We should forget about small efficiencies, say about 97% of the time: premature optimization is the root of all evil. (Donald Knuth, “Literate programming”, paraphrasing Tony Hoare)

After all my other advice on how to write papers, I should add one counterbalancing note: there is a danger in being too perfectionist, and in trying to make every part of a paper as “optimal” as possible. After all the “easy” improvements have been made to a paper, one encounters a law of diminishing returns, in which any further improvements either require large amounts of time and effort, or else require some tradeoffs in other qualities of the paper.
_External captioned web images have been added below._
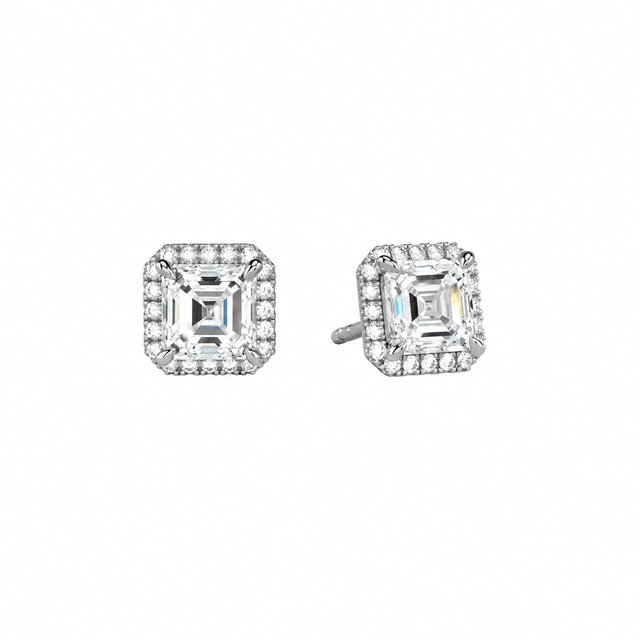 Seren Asscher Halo Lab-Grown Diamond Stud Earrings in 14K White Gold, front view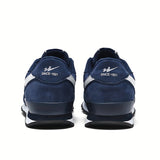 Zapatillas de Running Unisex LEIJOP Transpirables - Azul Marino y Blanco, Zapatos Deportivos Bajos con Suela MD, Ligeros para Gimnasio, Entrenamiento o Uso Casual, Diseño Moderno y Forro Cómodo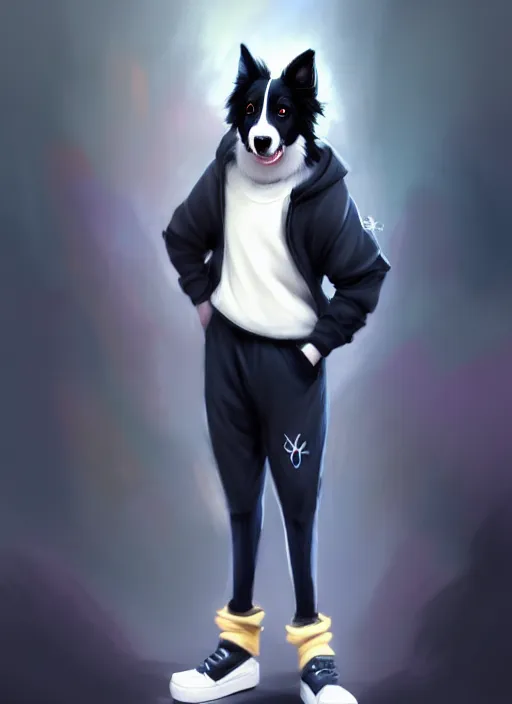 Prompt: wide angle beautiful full body portrait of a cute male anthropomorphic anthro border collie fursona wearing a tracksuit in a dark city, character design by charlie bowater, henry asencio, and ross tran, furry art, furaffinity, beautiful, glamor pose, detailed, aesthetic, trending on artstation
For instance, suppose one has a serviceable lemma that suffices for the task of proving the main theorems of the paper at hand. One can then try to “optimise” this lemma by making the hypotheses weaker and the conclusion stronger, but this can come at the cost of lengthening the proof of the lemma, and obscuring exactly how the lemma fits in with the rest of the paper. In the reverse direction, one could also “optimise” the same lemma by replacing it with a weaker (but easier to prove) statement which still barely suffices to prove the main theorem, but is now unsuitable for use in any later application. Thus one encounters a tradeoff when one tries to improve the lemma in one direction or another. (In this case, one resolution to this tradeoff is to have one formulation of the lemma stated and proved, and then add a remark about the other formulation, i.e. state the strong version and remark that we only use a special case, or state the weak version and remark that stronger versions are possible.)
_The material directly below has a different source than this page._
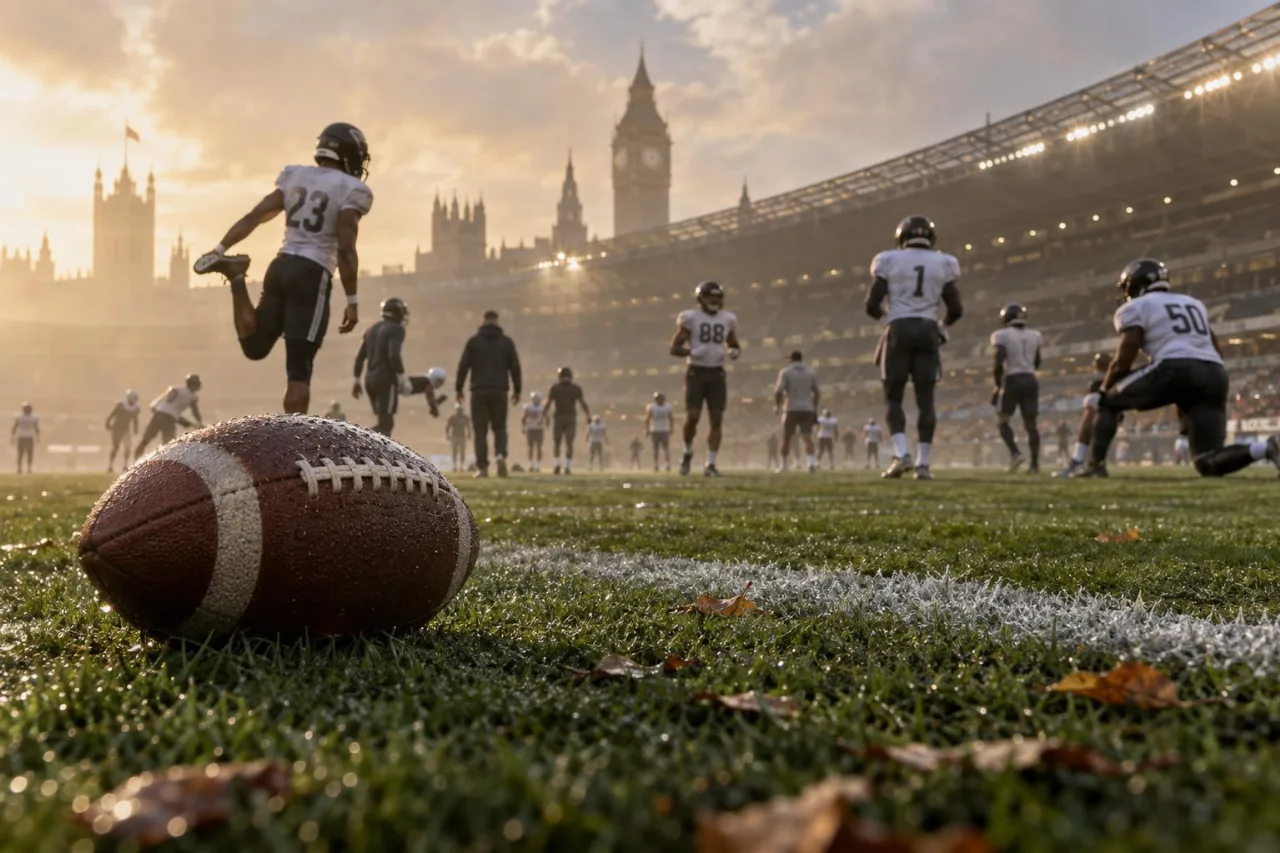 KI-generiertes Symbolbild: Ein Football liegt auf dem Spielfeld, während Spieler sich vor einem internationalen NFL-Spiel aufwärmen.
Carefully optimising results and notations in the hope that this will help future researchers in the field is a little risky; later authors may introduce new insights or new tools which render these painstakingly optimised results obsolete. The only time when this is really profitable is when you already know of a subsequent paper (perhaps a sequel to the one you are already writing) which will indeed rely heavily on these results and notations, or when the current paper is clearly going to be the definitive paper in the subject for a long while.

If you haven’t already written a rapid prototype for your paper, then optimising a lemma may in fact be a complete waste of time, because you may find later on in the writing process that the lemma will need to be modified anyway to deal with an unforeseen glitch in the original argument, or to improve the overall organisation of the paper.

I have sometimes seen authors try to optimise the length of the paper at the expense of all other attributes, in the mistaken belief that brevity is equivalent to simplicity. While it can be that shorter papers are simpler than longer ones, this is generally only true if the shortness of the paper was achieved naturally rather than artificially. If brevity was attained by removing all examples, remarks, whitespace, motivation, and discussion, or by striking out “redundant” English phrases and relying purely on mathematical abbreviations (e.g. $\forall$ instead of “For all”, etc.) and various ungrammatical contractions, then this is generally a poor tradeoff; somewhat ironically, a paper which has been overcompressed may be viewed by readers as being more difficult to read than a longer, gentler, and more leisurely treatment of the same material. (See also “Give appropriate amounts of detail.”)

On the other hand, optimising the readability of the paper is always a good thing (except when it is at the expense of rigour or accuracy), and the effort put into doing so is appreciated by readers.